The issues involved in the full cost-successful efforts controversy were perhaps less important than the message the controversy itself conveyed: For the purposes of either predictive or comparative investment analysis, the earnings figures of oil and gas producing companies have rarely been worth the ink used to print them.
The thoughtful investor must ask: How can I measure (1) the value of a producing company’s assets and (2) its operating success? The value of oil and gas reserves in the ground is the key to both answers. If a company’s increase in estimated reserve value represents a reasonable return on its investment outlay for the period, after considering the degree of risk associated with the reserves, then the company is doing well.
The financial statements of oil and gas companies have not displayed evaluations of oil and gas reserves in the ground; their balance sheets either omitted these assets or represented them in terms of historical acquisition costs.

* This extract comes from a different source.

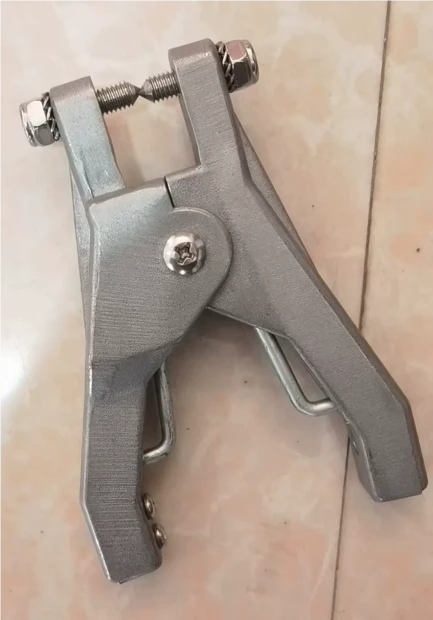 Ground clip Ground clip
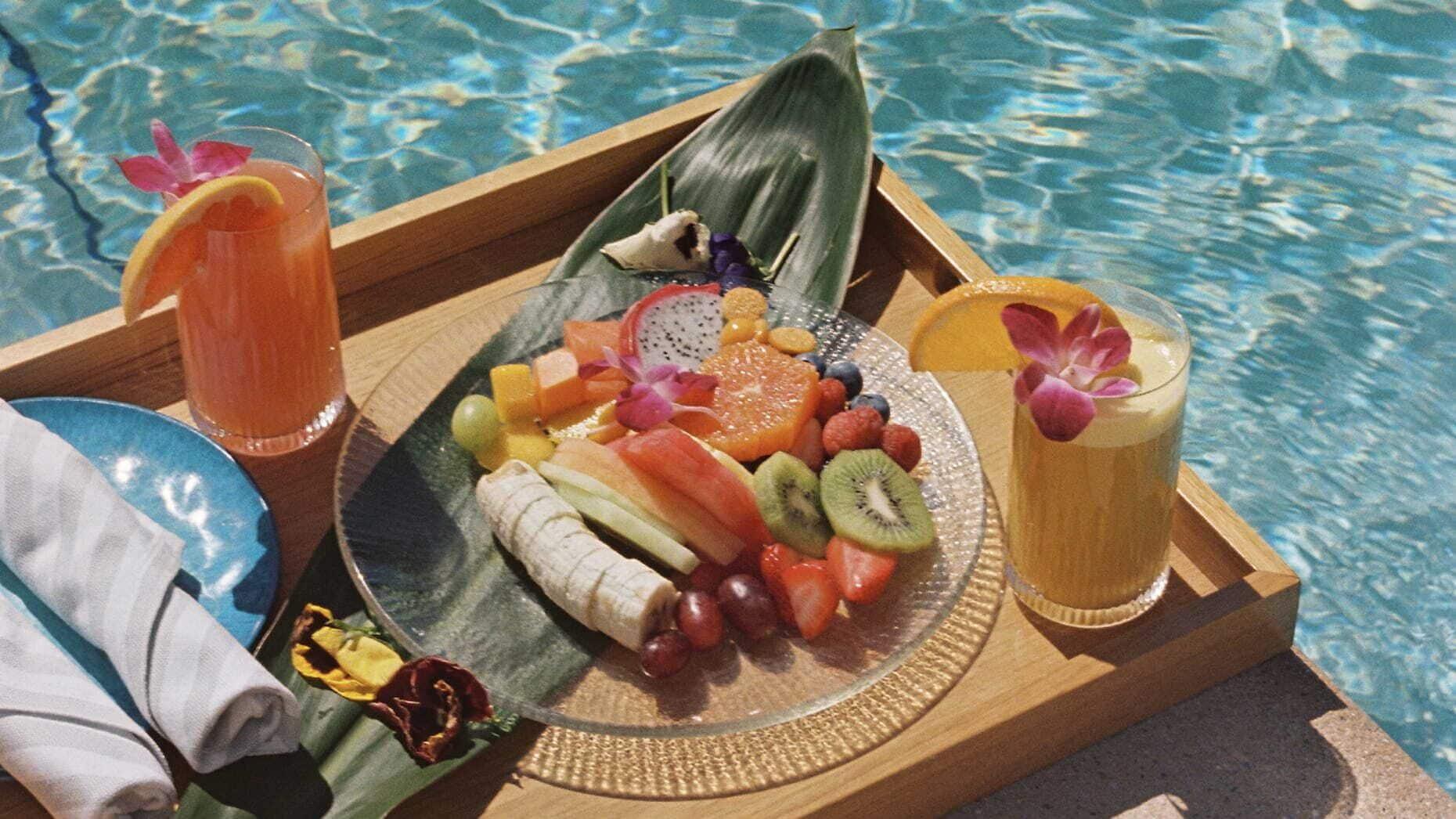 Restaurant Four Seasons 1br Suite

The SEC’s August proposal, however, will require companies to provide estimates of these values in terms of what it calls “reserve recognition accounting.”
The author explores the kinds of assumptions and caveats that underlie such estimates. Current prices differ from well to well, and future prices of production over the life of a recently drilled well are anybody’s guess. In many cases, the judgment of geologists familiar with a drilling area is far more important than elaborate mathematical computations. And the investor who relies on reserve valuations should comb the footnotes for contingencies — especially those resulting from recent tax law changes and from significant developments since the balance sheet date.